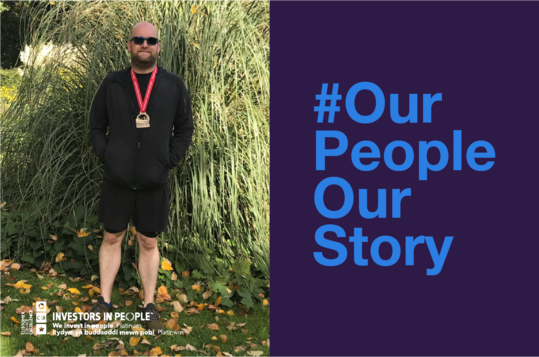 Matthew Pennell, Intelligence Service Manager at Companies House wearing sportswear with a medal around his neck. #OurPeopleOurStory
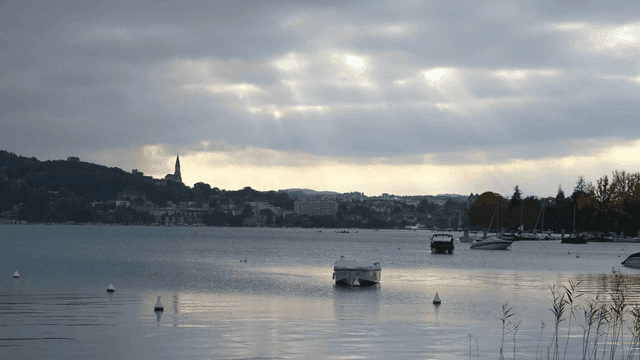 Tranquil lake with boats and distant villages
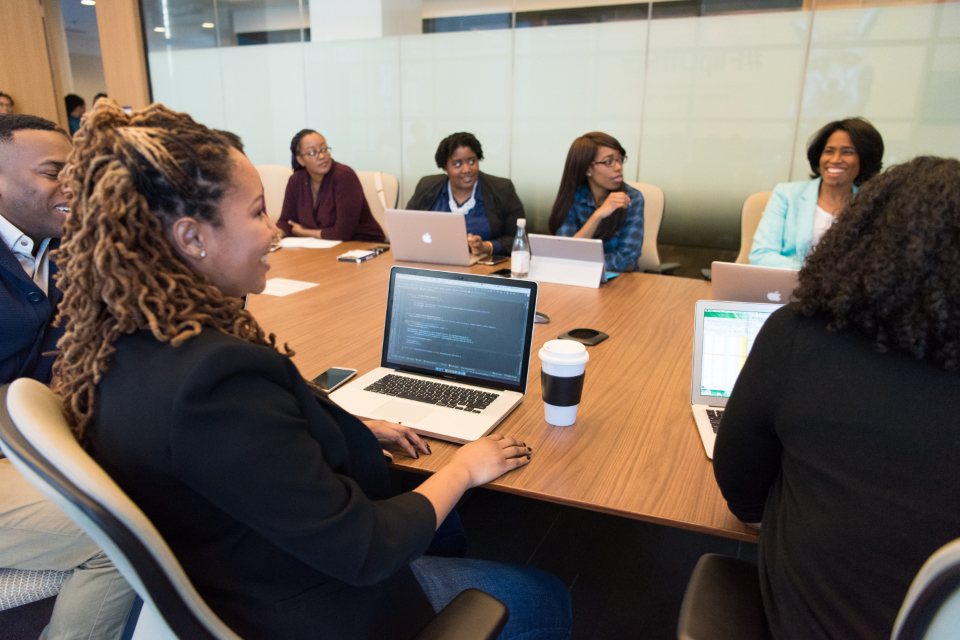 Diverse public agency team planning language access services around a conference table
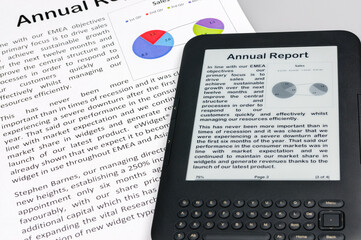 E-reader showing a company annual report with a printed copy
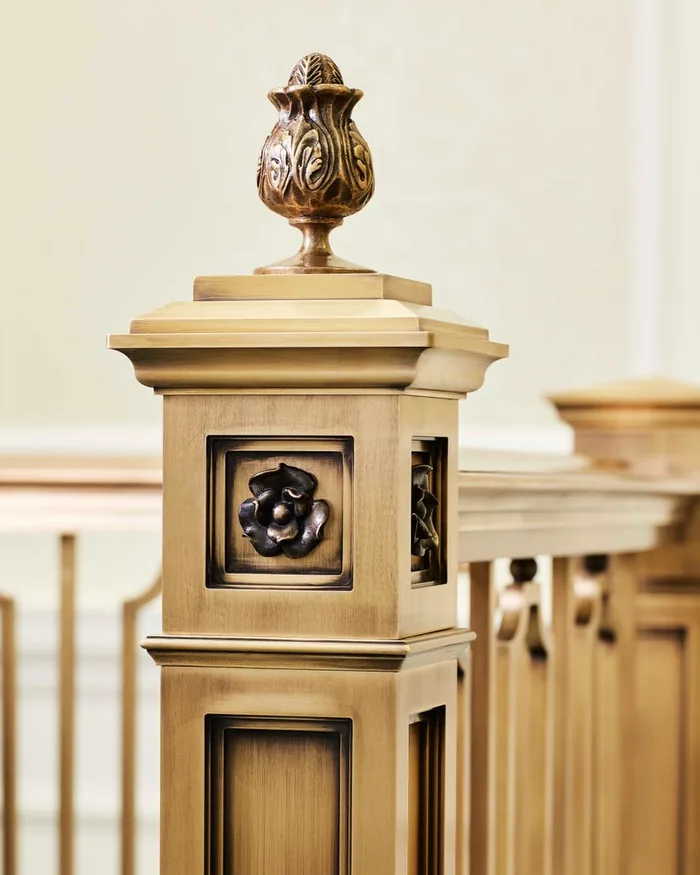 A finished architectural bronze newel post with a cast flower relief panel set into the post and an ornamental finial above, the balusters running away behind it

________

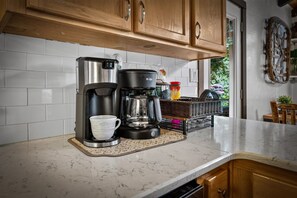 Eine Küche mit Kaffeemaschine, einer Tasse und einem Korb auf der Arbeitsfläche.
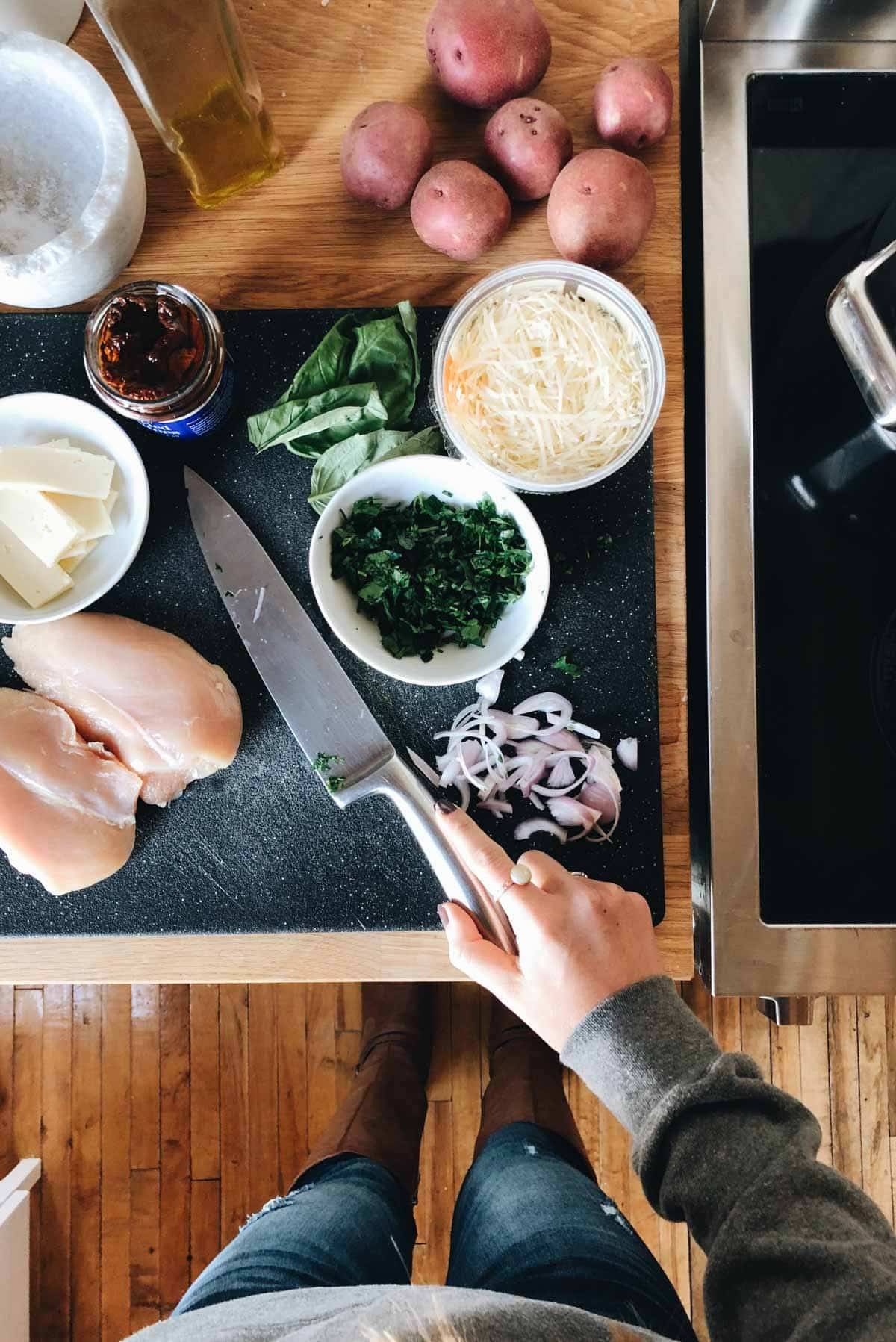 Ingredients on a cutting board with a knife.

________

Work to be completed ▸ Give again the lines of the listing above that run from the one with "Eine Küche mit" up to and including the one with "Ingredients on a cutting board with a knife.". Keep them exact and omit the pictures.

Your solution ▸
 Eine Küche mit Kaffeemaschine, einer Tasse und einem Korb auf der Arbeitsfläche.
 Ingredients on a cutting board with a knife.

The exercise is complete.